══ Exercise materials
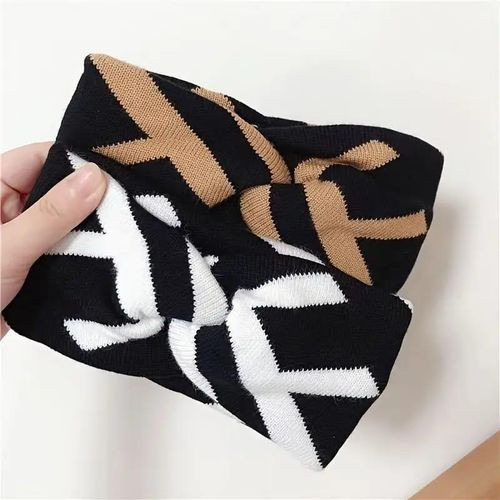 2pc Women's Thick Headband - Ultra-Wide Geometric Pattern Winter Hair Band for Cold Weather, Black & White or Brown & White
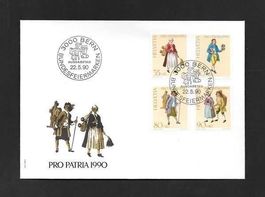 FDC Pro Patria Serie 1990; B227-B230 ET 22.5.1990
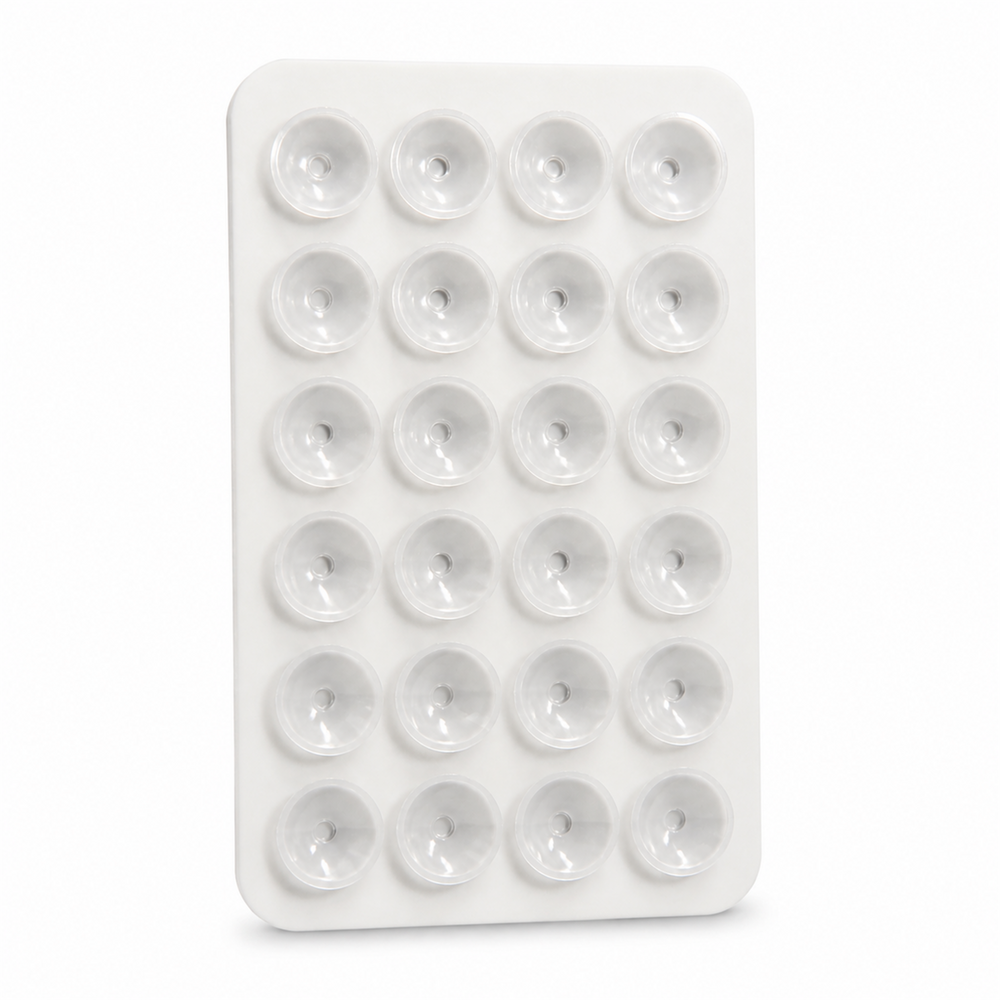 White silicone suction phone holder for cases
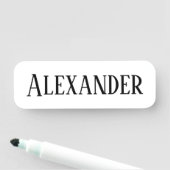 Porte-nom Style Rétro Rectangle Noir et Blanc (En situation)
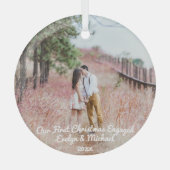 Onze eerste kerstfeestfoto glas ornament (Voorkant)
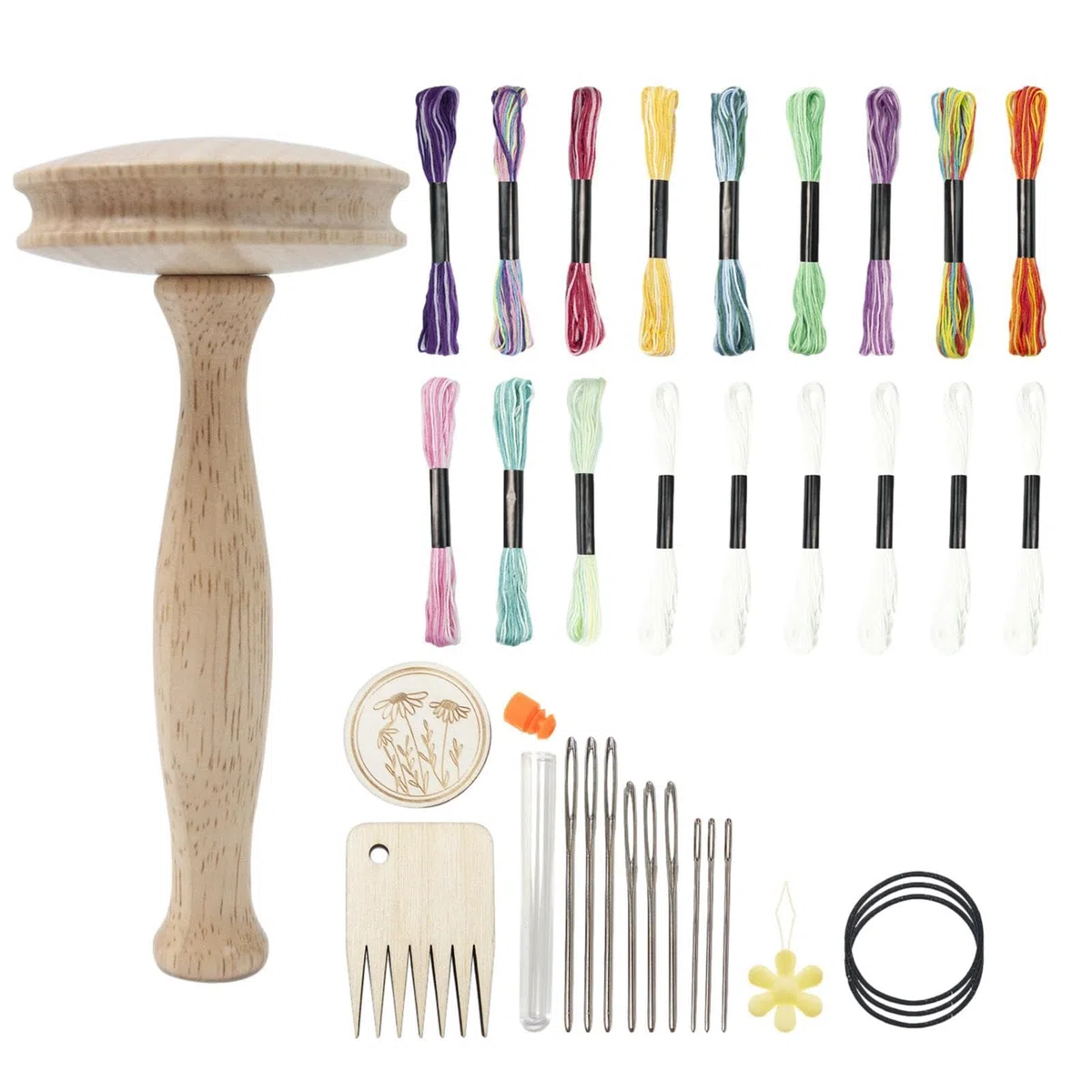 Speedweve - Fungo da rammendo, in legno, kit per rammendo, filo da rammendo, kit di strumenti per rammendare calzini e altri lavori all'uncinetto/lavoro a maglia
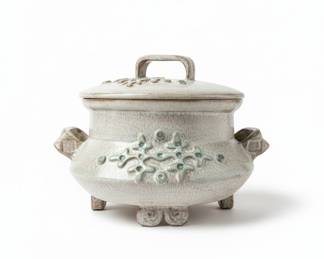 Rocky Broome Porcelain Pottery Covered Casserole Dish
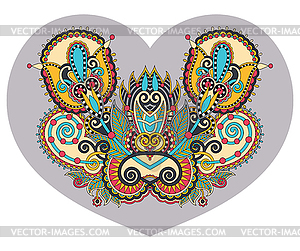 Кружева форме сердца с этническими цветочным узором пейсли - клипарт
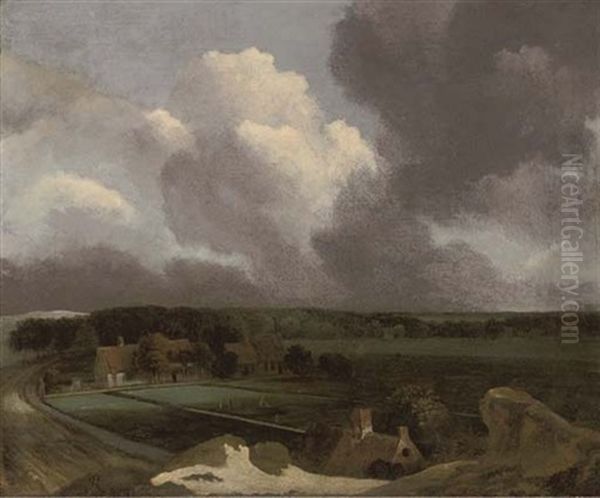 An Extensive Landscape With Farmhouses And Figures In A Bleaching Ground Oil Painting by Jacob Van Ruisdael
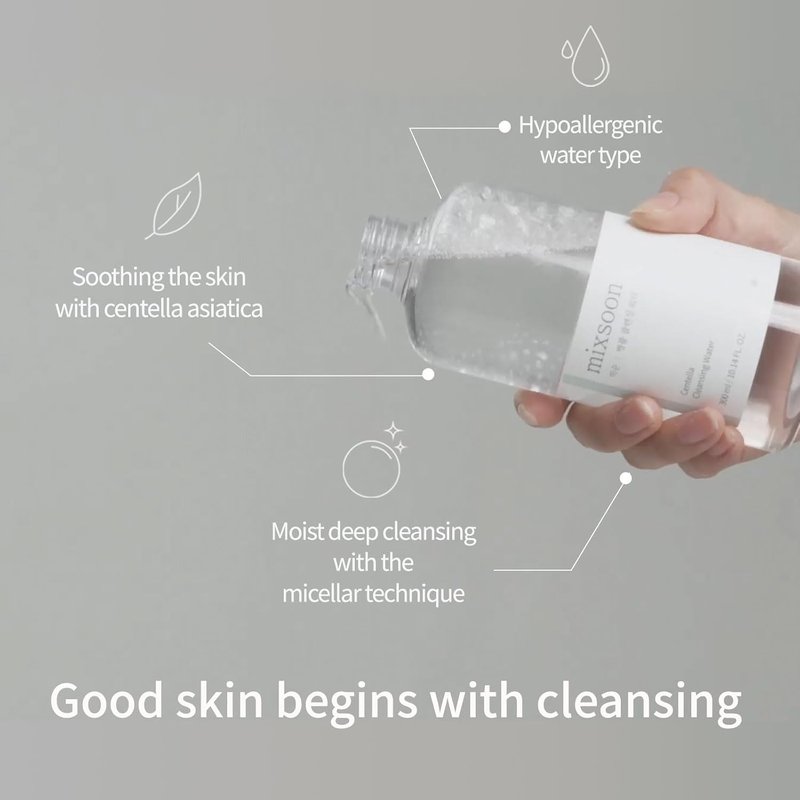 mixsoon Centella Cleansing Water 10.14 fl oz / 300ml Face Cleanser for Sensitive Skin Centella Asiatica Aloe Vera Korean Glass Skin Care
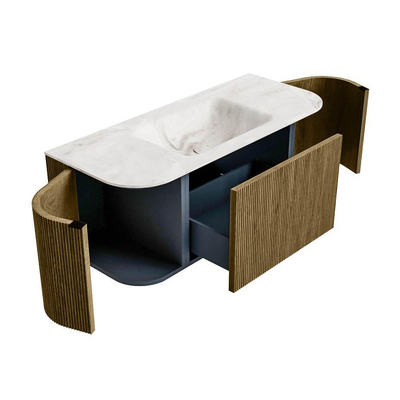 Mondiaz KURVE-DLUX Badkamermeubelset - 110x46x40cm - 1 lade - 2 deuren - wastafel solid surface - midden - zonder kraangat - Dusk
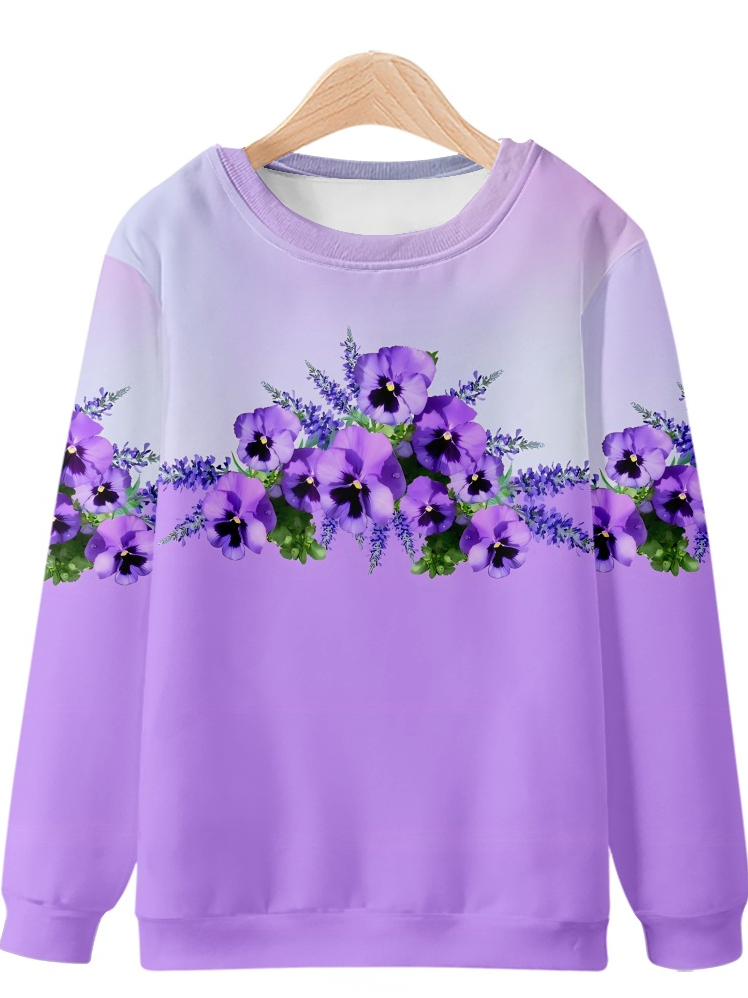 Casual Crew Neck Purple Floral Sweatshirt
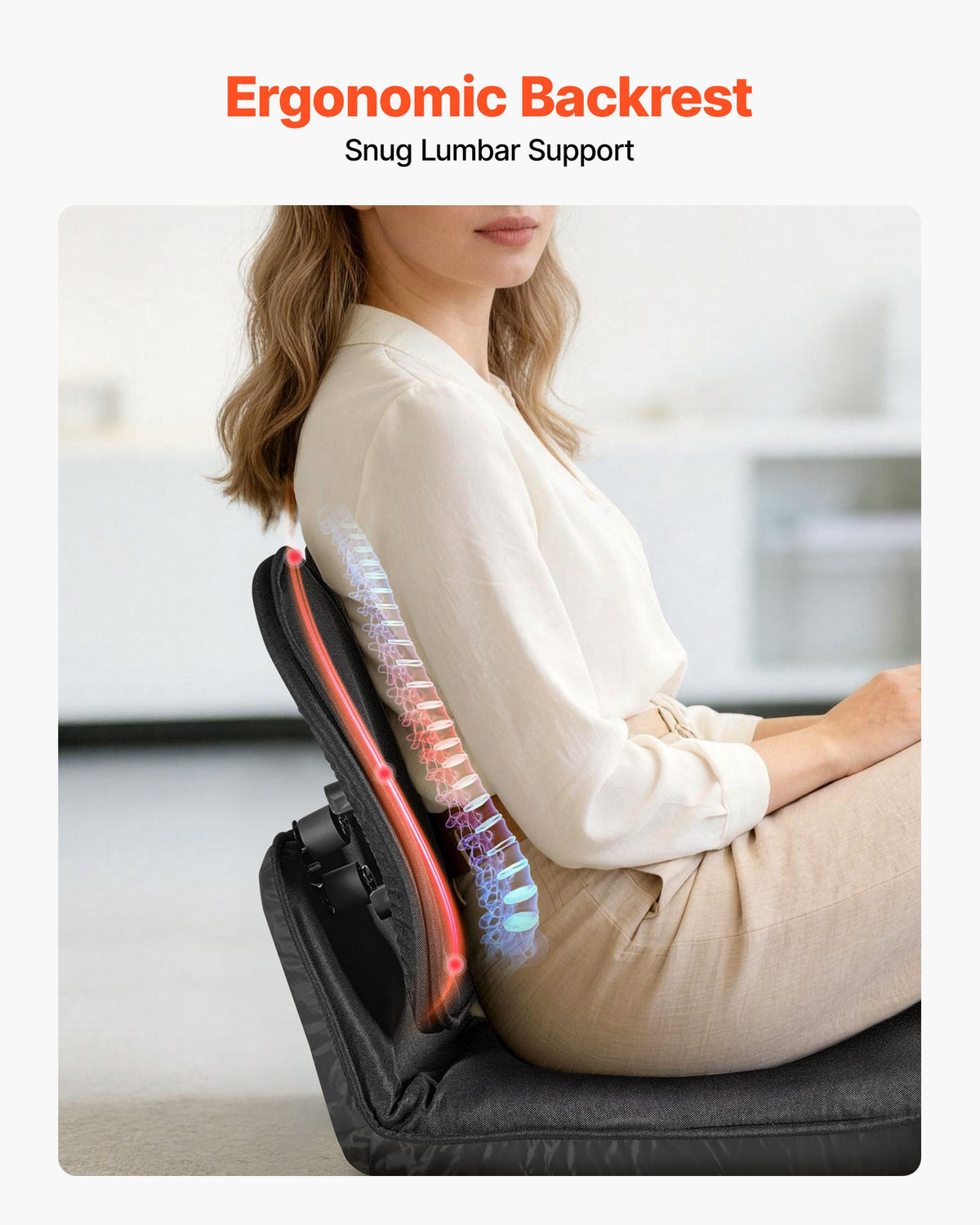 VEVOR Floor Chair, 5 Adjustable Positions Folding Floor Gaming Chair with Ergonomic Back Support, Sturdy Metal Frame with Recycled Foam and Linen Fabric, Multifunctional for Reading, Relaxing, Black - DBYZSRJGXKWFR8QA6001V0 - view 6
════
-- Task to carry out --
Give back the lines from the one containing "An Extensive Landscape" through the last line of the records above exactly as they appear, both included, and no pictures.

-- Answer space --
 An Extensive Landscape With Farmhouses And Figures In A Bleaching Ground Oil Painting by Jacob Van Ruisdael
 mixsoon Centella Cleansing Water 10.14 fl oz / 300ml Face Cleanser for Sensitive Skin Centella Asiatica Aloe Vera Korean Glass Skin Care
 Mondiaz KURVE-DLUX Badkamermeubelset - 110x46x40cm - 1 lade - 2 deuren - wastafel solid surface - midden - zonder kraangat - Dusk
 Casual Crew Neck Purple Floral Sweatshirt
 VEVOR Floor Chair, 5 Adjustable Positions Folding Floor Gaming Chair with Ergonomic Back Support, Sturdy Metal Frame with Recycled Foam and Linen Fabric, Multifunctional for Reading, Relaxing, Black - DBYZSRJGXKWFR8QA6001V0 - view 6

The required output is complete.